O Sr. António Pinheiro Torres (PSD): - Muito bem!

O Orador: - Este facto não faz esquecer o que outros portugueses, de outras confissões ou membros de organizações não governamentais, também fazem e aos quais, evidentemente, também prestamos a nossa homenagem. Mas há, na verdade, uma grande diferença de escala.

O Sr. Ricardo Gonçalves (PS): - Isso é uma leitura de direita da Igreja!
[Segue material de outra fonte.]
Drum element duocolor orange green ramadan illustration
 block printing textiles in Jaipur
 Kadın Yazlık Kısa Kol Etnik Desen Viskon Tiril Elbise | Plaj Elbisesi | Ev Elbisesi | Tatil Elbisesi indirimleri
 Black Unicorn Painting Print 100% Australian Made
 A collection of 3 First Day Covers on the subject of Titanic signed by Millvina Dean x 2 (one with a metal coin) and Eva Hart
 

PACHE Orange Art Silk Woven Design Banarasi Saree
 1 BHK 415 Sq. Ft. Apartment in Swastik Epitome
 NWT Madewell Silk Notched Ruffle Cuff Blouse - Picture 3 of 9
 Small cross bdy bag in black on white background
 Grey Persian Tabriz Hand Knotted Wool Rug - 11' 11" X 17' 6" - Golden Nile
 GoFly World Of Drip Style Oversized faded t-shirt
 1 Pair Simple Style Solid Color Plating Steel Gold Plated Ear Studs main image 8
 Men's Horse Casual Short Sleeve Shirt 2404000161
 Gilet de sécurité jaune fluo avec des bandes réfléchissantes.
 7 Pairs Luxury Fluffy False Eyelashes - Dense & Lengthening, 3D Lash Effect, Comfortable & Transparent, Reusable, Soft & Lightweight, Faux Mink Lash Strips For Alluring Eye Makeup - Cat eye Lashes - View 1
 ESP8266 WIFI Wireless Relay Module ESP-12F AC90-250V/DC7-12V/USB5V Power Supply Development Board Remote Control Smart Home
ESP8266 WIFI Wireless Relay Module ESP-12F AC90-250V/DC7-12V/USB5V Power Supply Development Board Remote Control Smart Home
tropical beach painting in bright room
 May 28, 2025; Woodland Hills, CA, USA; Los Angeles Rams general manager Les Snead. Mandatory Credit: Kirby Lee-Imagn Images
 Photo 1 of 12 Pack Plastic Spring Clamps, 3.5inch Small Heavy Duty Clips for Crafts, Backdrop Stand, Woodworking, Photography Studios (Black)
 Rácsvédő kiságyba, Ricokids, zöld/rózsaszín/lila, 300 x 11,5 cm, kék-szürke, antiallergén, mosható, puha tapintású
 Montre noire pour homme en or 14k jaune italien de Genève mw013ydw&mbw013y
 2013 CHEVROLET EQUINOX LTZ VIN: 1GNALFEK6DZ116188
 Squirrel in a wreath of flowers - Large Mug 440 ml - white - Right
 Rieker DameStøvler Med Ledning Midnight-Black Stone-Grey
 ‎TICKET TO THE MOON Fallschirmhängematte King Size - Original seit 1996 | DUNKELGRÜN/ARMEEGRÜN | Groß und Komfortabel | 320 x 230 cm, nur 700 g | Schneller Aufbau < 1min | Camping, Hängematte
O Orador: - Sr. Presidente, Sr.as e Srs. Deputados: Para além da eliminação de algumas disposições de duvidosa constitucionalidade, a nova Concordata consagra alguns princípios fundamentais que estão também na Lei da Liberdade Religiosa: o princípio da autonomia, independência e separação do Estado e da Igreja, cada um na sua própria ordem, que sofria graves limitações e não era, aliás, garantido pelo texto da Concordata ainda vigente, como já referiu o Sr. Deputado Jaime Gama, e o princípio da cooperação, também consagrado na Lei da Liberdade Religiosa e antes não afirmado no texto vigente da Concordata.
Depois da aprovação destes dois textos, podemos considerar que o ordenamento português das relações entre o Estado e as confissões religiosas passará de um modelo de separação relativa para um modelo de separação/cooperação ou separação com cooperação.
O princípio da liberdade religiosa, consagrado na Constituição e na lei de 2001, assume características não apenas passivas mas activas, como reconheceu o Tribunal Constitucional, em 1993, "um valor positivo, requerendo do Estado não uma pura atitude omissiva, uma abstenção, um non facere, mas um facere traduzido num dever de assegurar ou propiciar o exercício da religião."
Ela não é apenas uma liberdade de consciência individual mas também é um direito colectivo de organização, reunião, comunicação e educação. Abarca não só aquela liberdade mas também a liberdade comunitária das Igrejas, como nota o Professor Manuel Braga da Cruz, "pois não há religião sem esta dimensão social comunitária. A liberdade religiosa não é só uma liberdade privada, mas também uma liberdade pública".